Permute fails At Inference Time on PyTorch-XLA

ecdrid · April 16, 2020, 5:28am

I have a model where the forward pass has something like the below.

        ............
        .............
        all_feats, _ = self.rnn(sequence_output)
        conved = all_feats.unsqueeze(1)
        conved = F.relu(self.conv(conved))
        conved = conved.squeeze()
        conved = conved.permute(0, 2, 1) #  -- it blows here;
        ...........
        ...........

The traceback XLA throws is weird;

Exception in device=TPU:7: torch_xla/csrc/helpers.cpp:86 : Check failed: min_shape_dim <= dim && dim <= max_shape_dim 

*** Begin stack trace ***
	tensorflow::CurrentStackTrace[abi:cxx11]()
	torch_xla::XlaHelpers::GetCanonicalDimensionIndex(long long, long long)
	torch_xla::XlaHelpers::GetCanonicalDimensionIndices(absl::Span<long long const>, long long)
	torch_xla::XLATensor::permute(torch_xla::XLATensor const&, absl::Span<long long const>)
	torch_xla::AtenXlaType::permute(at::Tensor const&, c10::ArrayRef<long>)
	c10::impl::wrap_kernel_functor_unboxed_<c10::impl::detail::WrapFunctionIntoRuntimeFunctor_<at::Tensor (*)(at::Tensor const&, c10::ArrayRef<long>), at::Tensor, c10::guts::typelist::typelist<at::Tensor const&, c10::ArrayRef<long> > >, at::Tensor (at::Tensor const&, c10::ArrayRef<long>)>::call(c10::OperatorKernel*, at::Tensor const&, c10::ArrayRef<long>)
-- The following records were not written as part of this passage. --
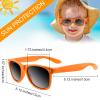 MIAHART 20 Pack Neon Sunglasses Bulk for Kids, Glasses for Summer Beach Pool Party, Carnival Prizes, Birthday Party Supplies, 10 Bright Colors view 3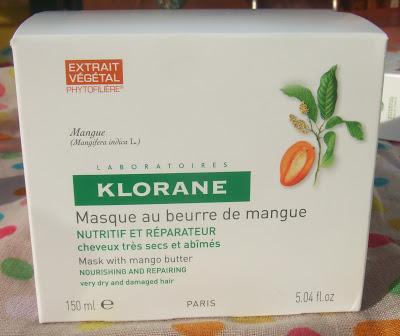 Gamme au beurre de mangue de chez Klorane, parfaite pour mes cheveux secs. Gamme au beurre de mangue de chez Klorane, parfaite pour mes cheveux secs.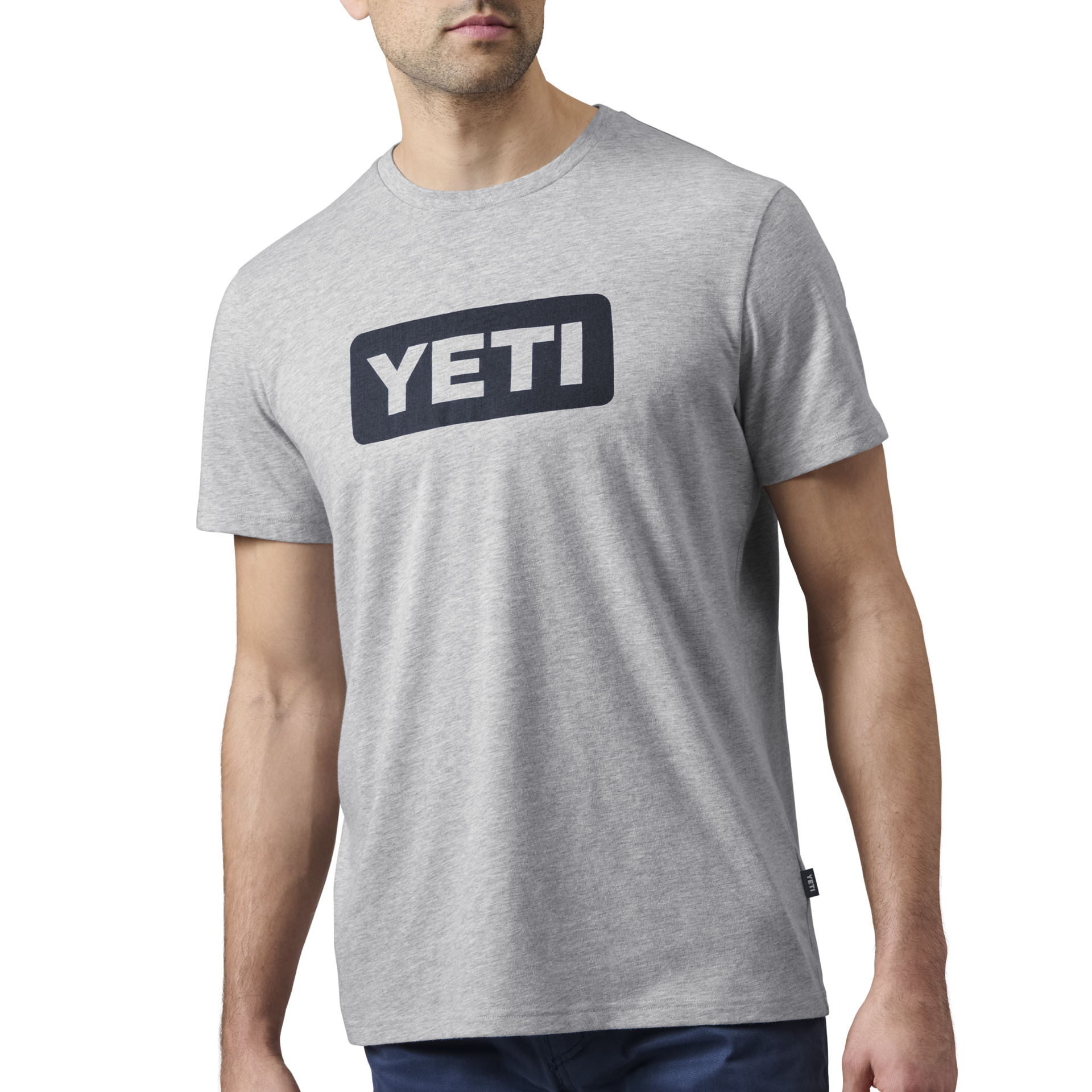 Yeti Premium Logo Badge Short Sleeve T-Shirt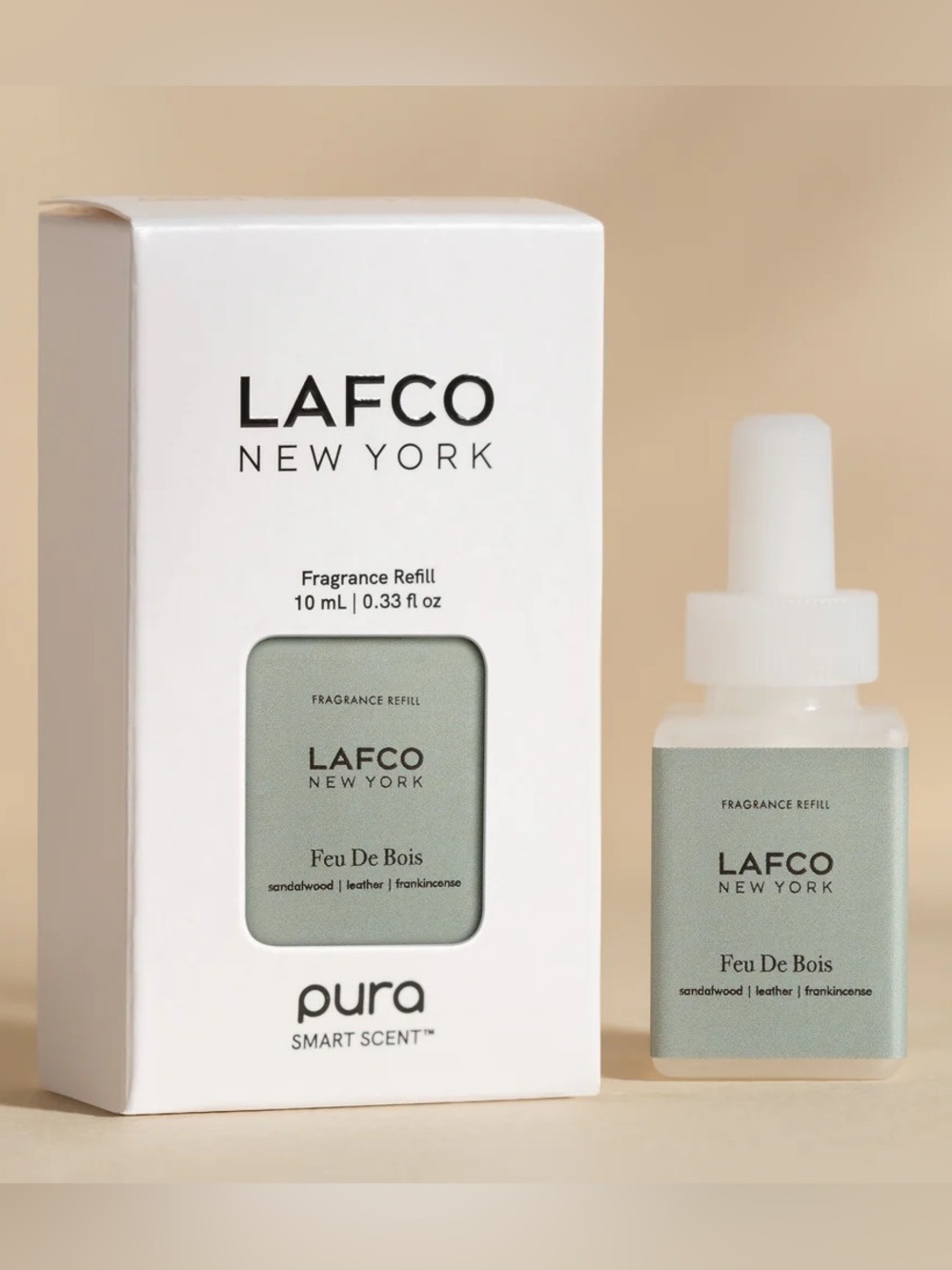 PURA LAFCO NWT feu des bois home fragrance Refill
  File "<ipython-input-26-582cd081b9b1>", line 67, in forward
    conved = conved.permute(0, 2, 1)

Value out of range (expected to be in range of [-2, 1], but got 2)Exception in device=TPU:4: torch_xla/csrc/helpers.cpp:86 : Check failed: min_shape_dim <= dim && dim <= max_shape_dim 

*** End stack trace ***

NB There’s no error when the model is training; Error happens only at the inference time; I cannot understand why will that happen at the very first place;

I can share the model details further via a private gist or something if it’s needed;

Thanks;

ptrblck · April 16, 2020, 5:44am

I assume the conved.squeeze() might remove unwanted dimensions during inference, since coved has only two dimensions after the squeeze.
I’m not sure, which dimensions you would like to squeeze in this line of code, but note that all dimensions with size==1 will be removed.
If you are using a batch size of 1 during inference, this dimension will be removed, too.
I would recommend to pass the dim argument to tensor.squeeze to make sure only the desired dims are removed.

ecdrid · April 16, 2020, 5:46am

I’m not sure, which dimensions you would like to squeeze in this line of code, but note that all dimensions with size==1 will be removed.

I will be precise from next time!

Yep that was the bug precisely; I was using a bs of 1 at inference;

Thanks @ptrblck <3;